Thurman appeared in a variety of huge blockbusters (as well as would-be blockbusters) in the late 90s. In 1997 she played the Batman villain Poison Ivy in Joel Schumacher's Batman and Robin, and the following year she starred as Emma Peel in the big screen reboot of The Avengers (not to be confused with the Marvel Comics franchise of the same name).
In 2006, after Kill Bill propelled her back into leading roles in feature films. In between the release of Kill Bill's separate volumes, Thurman was seen in the Philip K Dick adaptation Paycheck directed by John Woo and also starring Ben Affleck. She appeared in the romantic comedy My Super Ex-Girlfriend along with Luke Wilson, and in 2007 she starred in the drama The Life Before Her Eyes. After a few more assorted film roles, Thurman finally made her way into television in 2012, as part of a five-episode run of the musical drama Smash. Thurman played a movie star who wanted to make a musical despite having little musical talent, in a role that was praised by critics at the time.
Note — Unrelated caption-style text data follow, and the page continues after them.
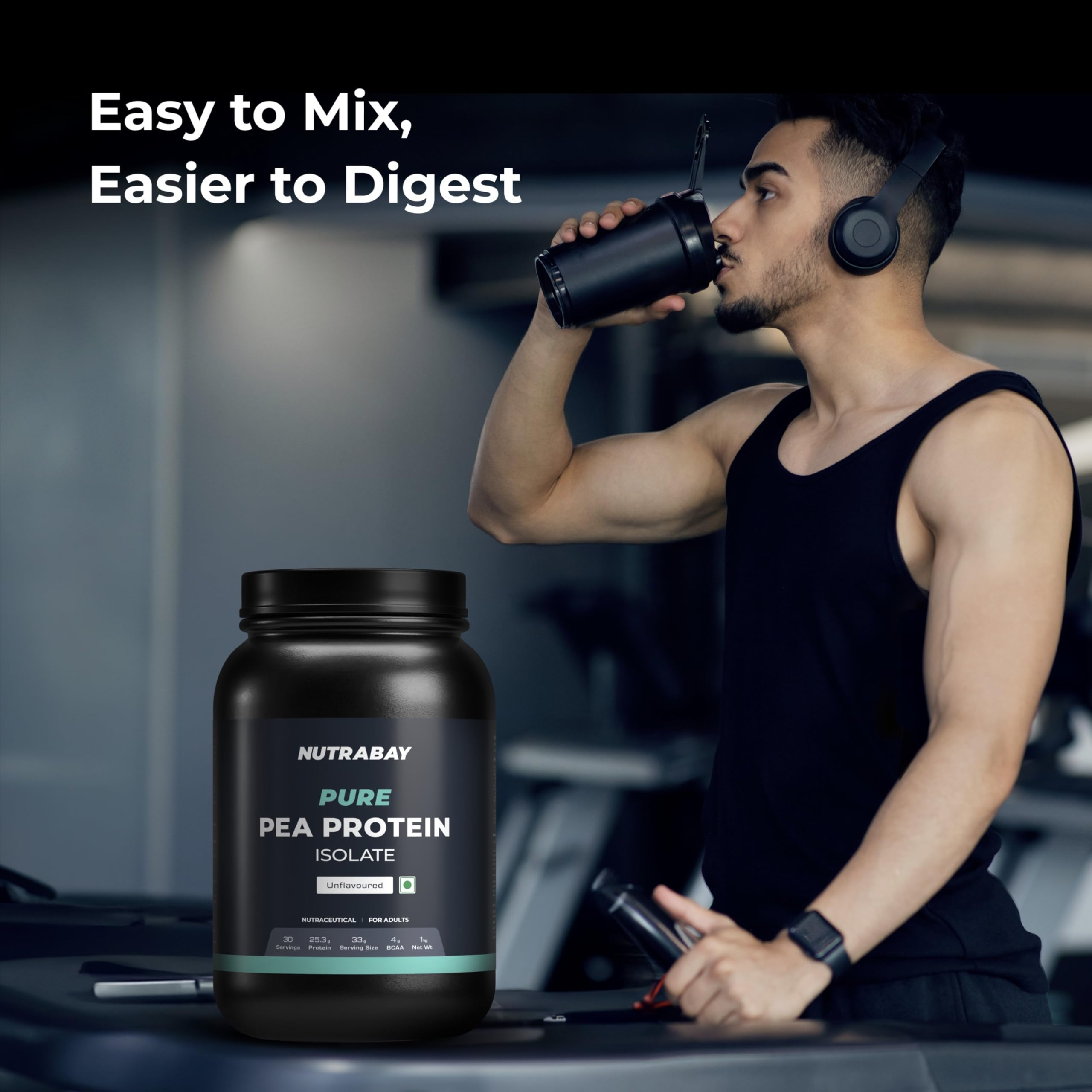 Nutrabay Pure Pea Protein Isolate Powder - 1kg Unflavored (30 Servings) | 25.3g Protein & 5g BCAA per Serving | Plant-Based Protein for Muscle Growth, Recovery & Weight Management | Easy to Digest Vegan Protein Powder for Smoothies, Baking & Post-Workout Shakes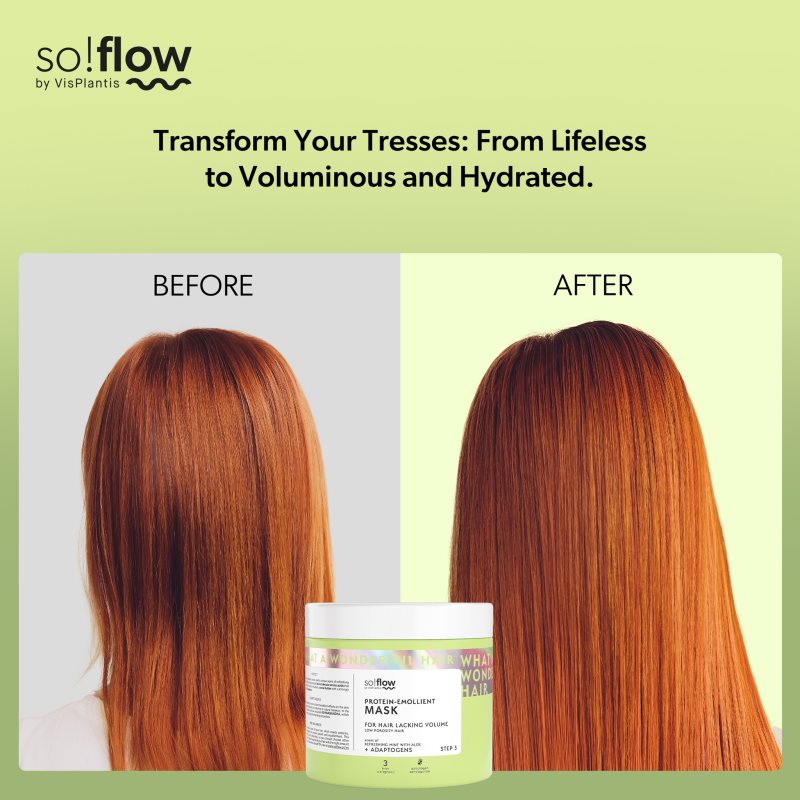so!flow Low Porosity Hair Protein-Emollient Mask maska pro vlasy bez objemu 400 ml (obrázek 7)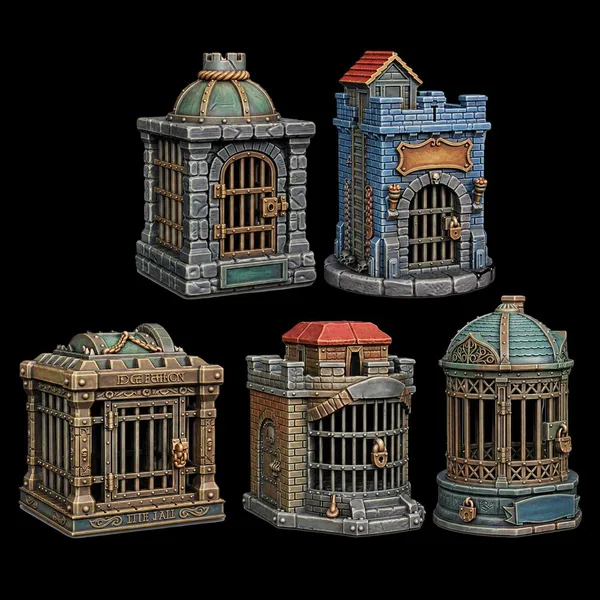 Fantasy Gothic Dice Jail 3D Printable Set - 5 Unique TTRPG Punishment Cells & Dungeons - DnD Tabletop Accessory STL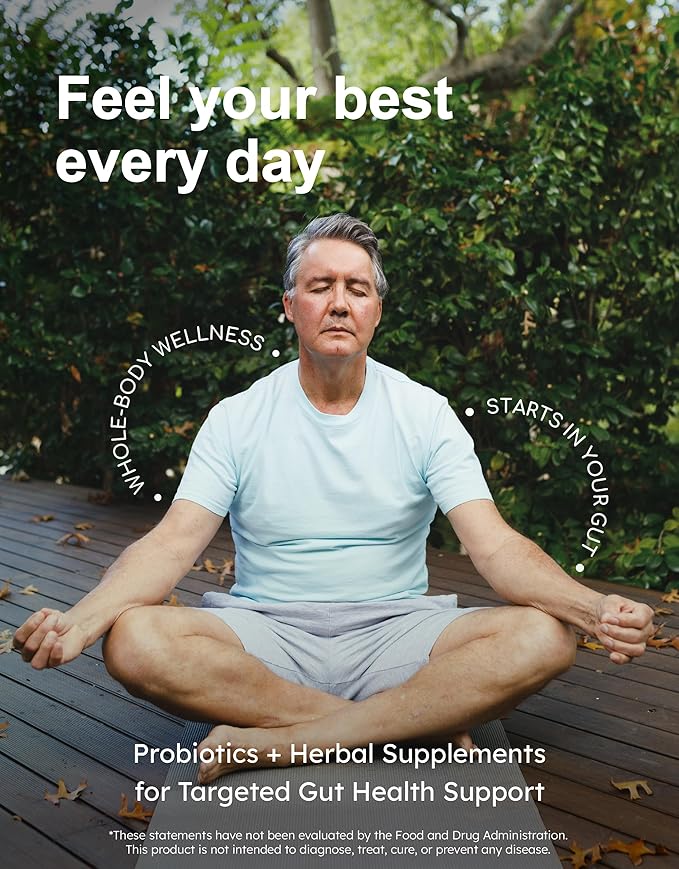 Overgrowth Probiotics for Women and Men with Saccharomyces Boulardii, Lactobacillus Reuteri & Bifidobacterium for Supporting Gut Health & Digestive Health, Gluten Free, 30 Capsules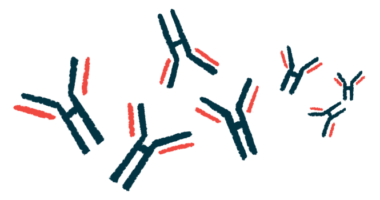 Illustration of Y-shaped antibodies binding to small antigen fragments, representing immune system activity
In 2013, Thurman worked with director Lars Von Trier in the first part of Von Trier's two-part film Nymphomaniac, earning more good reviews. In 2015 she appeared on the NBC series The Slap, an adaptation of an Australian series. Then, in 2017, she made her Broadway stage debut in The Parisian Woman, which ran between November 2017 and March 2018. Also in 2018 she reunited with Von Trier for The House That Jack Built, a serial killer film starring Matt Dillon, and she also appeared in the short-lived Netflix series Chambers.
Personal Life
Thurman married her State of Grace co-star, Gary Oldman, in 1990, at the age of twenty. The couple later divorced. Uma married her Gattaca co-star Ethan Hawke in 1998. The couple had two children, Maya Ray and Levon Roan, before divorcing in 2004. Thurman now lives in New York City with her children. She also has a daughter with French financier Arpad Busson, with whom she had an on-again off-again relationship from between 2009 and 2014.
Uma Thurman has served as the namesake for two unlikely entities: a song by Fall Out Boy and a new species of fringe-toed lizards (Uma thurmanae). And in June, 2018, Thurman was reportedly attempting to attain Swedish citizenship, receiving help from no less than Thomas Bodström, the former Swedish Minister for Justice.
Uma Thurman Salary Highlights
At the financial peak of her career, ironically for the critical and commercial flop My Super Ex-Girlfriend, Thurman earned a salary of $14 million. Her first big seven-figure payday was for Batman and Robin, for which she earned a reported $5 million, which led to comparable paydays for Gattaca ($5 million) and The Avengers ($8 million). For Kill Bill she earned $12 million, a contrast to the $300,000 she earned for Pulp Fiction, and Paycheck earned Thurman a $12.5 million paycheck, and she got another $12 million to star in the big screen film version of Mel Brooks' musical The Producers.
Uma Thurman Real Estate
In 2013 Thurman purchased a 13-room unit in New York City's famed River House co-op from romance novelist Barbara Taylor Bradford for $10 million. Then, in 2018, she was reportedly planning to sell it, but it isn't known whether or not she was able to find a buyer.
When she was married to Ethan Hawke, the couple owned a distinctive mansion in Snedens Landing, New York that dates all the way back to 1750, reportedly known to locals as the "Ding Dong House" (a nickname earned by its once-prominent bell tower, and which stuck even after the bell was removed). The couple purchased the home in 1998 for $4.4 million, then sold it for $4.6 million about a year after that.